The crowd of attendees appeared quite upbeat and eager to see the new technology that is always promised and often delivered by exhibitors in this venue.
Full screen, tablet-like devices could be found in almost every section of the Nangang Exhibit Hall, but many were encased in glass enclosures, tempting and sleek looking, but inaccessible, leaving lots of questions about usability, weight, tactile experience, and utility.
For platforms available to the general public, these "new" solutions are mostly direct derivatives of the PC ecosystem that dominates Computex and the Taiwan design experience: Windows or Linux operating systems, Intel ATOM CPUs, integrated cameras, lots of I/O ports, and proposed battery life in the same range as existing notebook and netbook solutions.
Some examples continued to remind the exhibit visitors that even in a new, sexy form factor, remnants of the "PC experience" will continue to haunt early adopters, thanks to limitations in the maturity of these systems.
In a world where the bar has now been raised by the introduction of function-dedicated consumer products, another very interesting factor has crept into the measurement criteria.
Consumers have now been exposed to solutions that perform limited functions and therefore the specifications for these new tools actually reference value to the user in a defined context.
For example, when purchasing an MP3 player, the consumer expects the figure that references storage capacity to mean space usable by them for storing songs.
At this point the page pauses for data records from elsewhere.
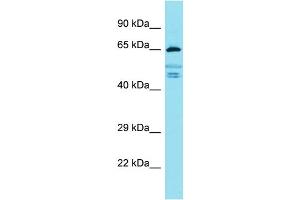 Western Blotting (WB) image for anti-Fidgetin-Like 2 (FIGNL2) (Middle Region) antibody (ABIN2791546) (Fidgetin-Like 2 抗体  (Middle Region))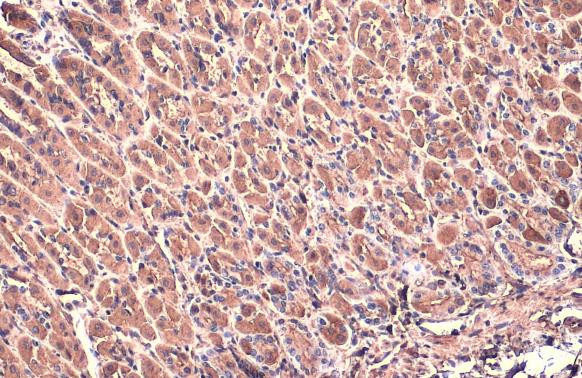 beta Actin Antibody in Immunohistochemistry (Paraffin) (IHC (P))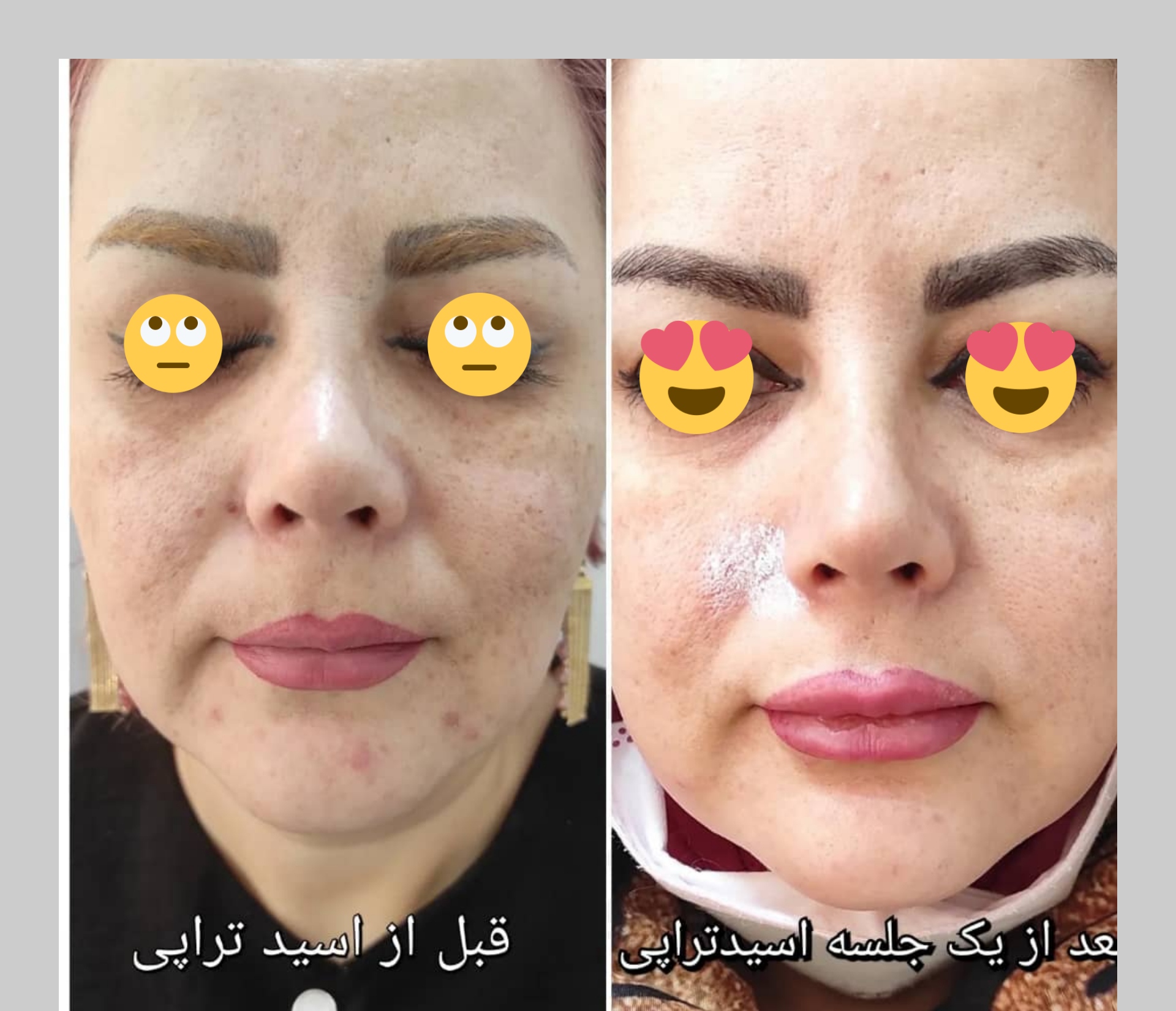 فیشال تخصصی طاهره بیوتی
In an eReader, available storage space refers to how many books or documents they can store for future consumption.
The general purpose nature of the PC architecture means that typical numbers for similar specifications for capacity has a totally ambiguous meaning when referring to any specific activity.
When you purchase a notebook with a 256Gbyte hard drive, that number does not reference the space that is available for you. Instead, that number references the total amount of space that you will share with the operating system, required system utilities, your purchased applications, and a thousand drivers for printers that you will never install.
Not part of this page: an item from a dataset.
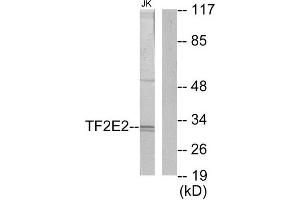 Western Blotting (WB) image for anti-General Transcription Factor IIE, Polypeptide 2 (GTF2E2) (Internal Region) antibody (ABIN1849294) (GTF2E2 anticorps  (Internal Region))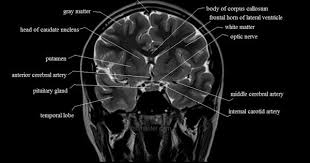 Brain Anatomy Mri Coronal Brain Anatomy Free Mri Cross Sectional Anatomy Mri Brain Brain Anatomy Mri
The figure provided describing the amount of main memory could be multiple gigabytes, but the amount of that memory that will be occupied by your data and applications versus the operating system and required utilities is unstated.
Clearly, Computex 2010 has to be considered Day 1 in the deployment of PC technology into the realm of application-specific, consumer-focused solutions. Day 1 products are not ready for prime time, but the talent and energy of the teams around the world who develop silicon, displays, power supplies, and especially software for this ecosystem will certainly respond to the market opportunity that has been defined by their competition.